Metro Weekly

Mighty Christian

Commentary: In Exile

Some Mormons recently dropped by my friend Lindsay’s apartment to evangelize.

“Hi, we’re from the Church of Latter-Day Saints. You may remember us from our placid TV commercials of the 1980s.”

Rather than slam the door in their faces, she offered them a cheese plate and talked to them for an hour. Since then she’s met more of them, even visited their temple, though she has no intentions of converting to Mormonism. But she did confide to me that she’s developed an interest in religion — for a young urban liberal, the equivalent of getting high on mood stabilizers with Rush Limbaugh and hitting the airwaves for some kill-a-queer-for-Jesus banter.

I was raised with zero religion in my life, a fact that I’m strangely smug about, in the same way that I’m smug about the fact that I’ve never had heterosexual intercourse. Like I’m some sort of purebred.

Yet lately, more so than marriage, and certainly more so than the military, the gay-shunning institution that draws me the most is religion. Not “spirituality,” with the whale sounds CDs and the Pier 1 rock-garden fountains for the living room. Actual religion — a set of beliefs, a worldview, a back-story. Some sort of suggestion that there’s more to my generation and my culture than media, commerce, irony and retro-appeal.

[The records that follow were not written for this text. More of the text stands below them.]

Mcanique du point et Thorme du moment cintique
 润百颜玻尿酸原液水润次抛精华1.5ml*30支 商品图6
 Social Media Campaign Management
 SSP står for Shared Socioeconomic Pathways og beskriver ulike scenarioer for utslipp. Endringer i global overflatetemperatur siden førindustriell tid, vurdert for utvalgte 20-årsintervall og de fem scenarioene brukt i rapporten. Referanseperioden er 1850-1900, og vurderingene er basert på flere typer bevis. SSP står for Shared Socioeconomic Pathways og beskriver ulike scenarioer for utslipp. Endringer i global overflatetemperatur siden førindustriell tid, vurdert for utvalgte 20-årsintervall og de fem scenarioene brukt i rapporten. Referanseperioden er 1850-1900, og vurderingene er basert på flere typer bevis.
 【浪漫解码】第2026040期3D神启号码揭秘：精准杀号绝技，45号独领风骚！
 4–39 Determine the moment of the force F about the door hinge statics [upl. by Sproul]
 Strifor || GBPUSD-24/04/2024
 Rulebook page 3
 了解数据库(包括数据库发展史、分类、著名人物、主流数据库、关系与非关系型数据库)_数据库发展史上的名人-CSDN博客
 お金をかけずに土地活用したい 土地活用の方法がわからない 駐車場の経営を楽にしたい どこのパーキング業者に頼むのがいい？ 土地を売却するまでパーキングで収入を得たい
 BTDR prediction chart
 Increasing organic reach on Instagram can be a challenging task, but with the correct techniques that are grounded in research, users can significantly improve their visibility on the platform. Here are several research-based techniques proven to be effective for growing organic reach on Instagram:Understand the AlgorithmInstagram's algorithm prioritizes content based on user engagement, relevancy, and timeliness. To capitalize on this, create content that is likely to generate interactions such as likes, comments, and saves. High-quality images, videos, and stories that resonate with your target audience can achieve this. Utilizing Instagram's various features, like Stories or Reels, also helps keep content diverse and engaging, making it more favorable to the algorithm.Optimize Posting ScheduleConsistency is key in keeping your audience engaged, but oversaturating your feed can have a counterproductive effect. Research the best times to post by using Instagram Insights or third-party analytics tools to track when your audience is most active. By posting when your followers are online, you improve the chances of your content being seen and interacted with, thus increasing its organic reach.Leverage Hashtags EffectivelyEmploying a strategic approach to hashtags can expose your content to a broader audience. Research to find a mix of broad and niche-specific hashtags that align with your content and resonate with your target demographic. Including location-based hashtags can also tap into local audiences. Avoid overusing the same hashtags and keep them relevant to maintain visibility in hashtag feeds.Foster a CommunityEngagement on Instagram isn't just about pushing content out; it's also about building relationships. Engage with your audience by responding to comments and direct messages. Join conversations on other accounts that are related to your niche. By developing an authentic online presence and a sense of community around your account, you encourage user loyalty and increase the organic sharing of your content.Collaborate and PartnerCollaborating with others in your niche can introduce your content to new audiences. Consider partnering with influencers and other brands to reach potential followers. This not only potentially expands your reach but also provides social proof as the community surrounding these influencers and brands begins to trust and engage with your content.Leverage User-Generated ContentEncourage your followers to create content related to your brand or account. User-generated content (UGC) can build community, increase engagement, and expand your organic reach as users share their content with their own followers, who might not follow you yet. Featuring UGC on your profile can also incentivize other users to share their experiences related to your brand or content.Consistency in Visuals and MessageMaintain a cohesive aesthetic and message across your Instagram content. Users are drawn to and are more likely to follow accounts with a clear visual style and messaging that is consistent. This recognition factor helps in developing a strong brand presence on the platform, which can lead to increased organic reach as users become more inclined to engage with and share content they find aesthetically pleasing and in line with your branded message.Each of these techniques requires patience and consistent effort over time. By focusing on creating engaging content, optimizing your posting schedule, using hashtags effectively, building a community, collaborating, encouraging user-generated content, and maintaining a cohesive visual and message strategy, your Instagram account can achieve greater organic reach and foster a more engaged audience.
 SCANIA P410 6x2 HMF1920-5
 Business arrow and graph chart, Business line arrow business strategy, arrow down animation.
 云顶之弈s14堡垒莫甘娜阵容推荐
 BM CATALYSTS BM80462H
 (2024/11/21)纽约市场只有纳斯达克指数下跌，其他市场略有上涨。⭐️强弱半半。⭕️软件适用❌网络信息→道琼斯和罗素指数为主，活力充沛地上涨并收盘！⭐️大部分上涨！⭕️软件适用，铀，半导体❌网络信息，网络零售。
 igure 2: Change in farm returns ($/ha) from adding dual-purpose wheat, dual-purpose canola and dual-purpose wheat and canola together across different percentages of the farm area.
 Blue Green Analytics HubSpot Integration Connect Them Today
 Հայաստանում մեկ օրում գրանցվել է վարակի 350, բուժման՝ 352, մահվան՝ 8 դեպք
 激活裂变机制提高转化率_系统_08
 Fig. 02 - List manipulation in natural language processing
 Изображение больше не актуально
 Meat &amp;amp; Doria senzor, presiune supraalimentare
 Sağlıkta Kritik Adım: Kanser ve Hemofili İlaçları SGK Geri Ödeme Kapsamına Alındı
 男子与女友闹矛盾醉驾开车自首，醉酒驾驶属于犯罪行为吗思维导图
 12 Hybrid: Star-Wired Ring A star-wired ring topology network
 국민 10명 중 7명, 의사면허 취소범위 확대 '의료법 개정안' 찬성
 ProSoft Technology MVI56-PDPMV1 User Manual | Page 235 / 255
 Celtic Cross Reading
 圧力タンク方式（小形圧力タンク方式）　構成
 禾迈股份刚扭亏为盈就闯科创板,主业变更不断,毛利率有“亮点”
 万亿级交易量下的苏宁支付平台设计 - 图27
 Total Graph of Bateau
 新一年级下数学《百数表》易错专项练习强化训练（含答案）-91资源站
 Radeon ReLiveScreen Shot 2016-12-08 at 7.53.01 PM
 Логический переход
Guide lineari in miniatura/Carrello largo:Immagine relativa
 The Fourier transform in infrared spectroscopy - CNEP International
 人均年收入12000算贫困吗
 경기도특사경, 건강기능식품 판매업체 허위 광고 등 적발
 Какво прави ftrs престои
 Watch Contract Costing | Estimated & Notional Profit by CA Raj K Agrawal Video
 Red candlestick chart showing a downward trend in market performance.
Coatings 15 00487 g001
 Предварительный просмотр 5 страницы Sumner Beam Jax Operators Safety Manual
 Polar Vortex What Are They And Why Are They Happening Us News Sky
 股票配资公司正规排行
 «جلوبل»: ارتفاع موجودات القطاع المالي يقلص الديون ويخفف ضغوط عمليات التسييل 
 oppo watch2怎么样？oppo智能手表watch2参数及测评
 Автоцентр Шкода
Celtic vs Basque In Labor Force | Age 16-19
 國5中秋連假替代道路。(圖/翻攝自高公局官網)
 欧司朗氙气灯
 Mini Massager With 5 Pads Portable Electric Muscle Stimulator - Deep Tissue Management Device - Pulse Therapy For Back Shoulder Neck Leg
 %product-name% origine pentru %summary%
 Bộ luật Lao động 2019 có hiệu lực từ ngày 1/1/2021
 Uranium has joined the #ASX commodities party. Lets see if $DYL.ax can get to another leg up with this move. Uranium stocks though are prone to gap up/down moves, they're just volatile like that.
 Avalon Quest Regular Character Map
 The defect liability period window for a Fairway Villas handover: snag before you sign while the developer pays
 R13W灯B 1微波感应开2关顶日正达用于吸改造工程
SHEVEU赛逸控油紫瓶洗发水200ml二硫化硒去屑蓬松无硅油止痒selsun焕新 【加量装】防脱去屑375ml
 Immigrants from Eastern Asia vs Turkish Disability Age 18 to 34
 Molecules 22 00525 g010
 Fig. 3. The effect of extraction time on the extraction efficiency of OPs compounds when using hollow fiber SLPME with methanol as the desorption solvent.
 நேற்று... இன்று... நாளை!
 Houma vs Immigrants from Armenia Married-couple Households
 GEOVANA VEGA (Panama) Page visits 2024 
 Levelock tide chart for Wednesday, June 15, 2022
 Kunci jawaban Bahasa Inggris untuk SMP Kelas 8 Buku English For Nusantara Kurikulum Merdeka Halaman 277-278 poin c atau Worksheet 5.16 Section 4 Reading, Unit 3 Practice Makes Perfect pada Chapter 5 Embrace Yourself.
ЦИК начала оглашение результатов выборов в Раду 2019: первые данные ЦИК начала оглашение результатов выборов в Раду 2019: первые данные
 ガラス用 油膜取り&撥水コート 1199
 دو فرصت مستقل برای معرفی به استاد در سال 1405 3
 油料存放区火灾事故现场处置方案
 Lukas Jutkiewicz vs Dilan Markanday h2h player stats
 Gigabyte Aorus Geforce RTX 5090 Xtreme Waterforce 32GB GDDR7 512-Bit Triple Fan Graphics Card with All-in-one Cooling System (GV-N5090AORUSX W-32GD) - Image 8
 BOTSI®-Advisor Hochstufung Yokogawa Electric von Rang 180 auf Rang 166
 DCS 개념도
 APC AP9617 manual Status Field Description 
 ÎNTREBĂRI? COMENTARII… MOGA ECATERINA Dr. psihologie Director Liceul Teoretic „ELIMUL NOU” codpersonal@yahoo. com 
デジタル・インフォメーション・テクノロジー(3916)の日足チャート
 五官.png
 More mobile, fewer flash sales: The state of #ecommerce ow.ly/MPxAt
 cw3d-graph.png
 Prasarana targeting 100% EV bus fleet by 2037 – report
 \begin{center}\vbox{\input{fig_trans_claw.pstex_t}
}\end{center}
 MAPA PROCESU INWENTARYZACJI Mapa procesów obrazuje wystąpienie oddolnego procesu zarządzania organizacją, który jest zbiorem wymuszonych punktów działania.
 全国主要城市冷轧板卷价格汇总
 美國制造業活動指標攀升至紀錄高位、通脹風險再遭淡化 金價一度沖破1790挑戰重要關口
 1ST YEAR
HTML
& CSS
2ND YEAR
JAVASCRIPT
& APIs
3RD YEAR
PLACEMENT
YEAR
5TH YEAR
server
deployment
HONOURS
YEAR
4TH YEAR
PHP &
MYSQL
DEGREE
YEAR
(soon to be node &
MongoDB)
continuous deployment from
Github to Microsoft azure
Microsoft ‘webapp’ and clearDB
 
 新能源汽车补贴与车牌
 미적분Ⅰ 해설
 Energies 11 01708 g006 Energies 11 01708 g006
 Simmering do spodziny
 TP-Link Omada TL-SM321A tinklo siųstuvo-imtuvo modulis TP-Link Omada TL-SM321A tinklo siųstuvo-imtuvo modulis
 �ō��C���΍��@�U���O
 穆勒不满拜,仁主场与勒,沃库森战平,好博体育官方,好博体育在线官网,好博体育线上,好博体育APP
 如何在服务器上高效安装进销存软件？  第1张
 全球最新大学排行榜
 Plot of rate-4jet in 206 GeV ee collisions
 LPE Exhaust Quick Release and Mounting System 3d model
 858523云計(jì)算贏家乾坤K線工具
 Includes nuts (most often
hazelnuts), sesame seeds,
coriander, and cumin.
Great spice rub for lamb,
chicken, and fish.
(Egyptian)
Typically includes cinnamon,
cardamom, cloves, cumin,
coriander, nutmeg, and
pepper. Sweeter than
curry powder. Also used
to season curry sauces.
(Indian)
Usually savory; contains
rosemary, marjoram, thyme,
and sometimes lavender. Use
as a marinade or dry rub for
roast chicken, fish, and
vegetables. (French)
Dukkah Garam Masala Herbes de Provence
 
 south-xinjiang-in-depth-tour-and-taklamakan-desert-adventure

Gays are a fairly secular bunch for obvious reasons. We tend to be highly suspicious of anything that even hints at religion. It doesn’t want us, so we don’t want it. But the problem isn’t with religion itself. It’s the fact that most denominations suck. They’re contradictory and hypocritical: Love peace but make war, hate sins but love sinners, don’t drink but sip this “blood of Christ.”

I’m aware that there are denominations out there that are hospitable to gays, but with all due respect to the Unitarian Universalists, I’m not looking for a church that seems to be specifically about tolerance (I’ll just say it: A gay church). Buddhism seems fairly nonjudgmental, but it’s been tainted by the Hollywood influx and now seems more like a religion that you’d order on Zen.com and have shipped by overnight mail.

Many Christian religions make unreasonable demands of their followers. “Love thy neighbor” looks great on paper, but love? Literally love your neighbor? And, by extension, love everyone around you? That’s not possible, and it cultivates lying. Fundamentalist Christians then feel obligated to claim to love gay people, even when it’s clear that they’re totally freaked out and disgusted. How about “Mind thy own business?” I’m not joking. I think that’s a good creed.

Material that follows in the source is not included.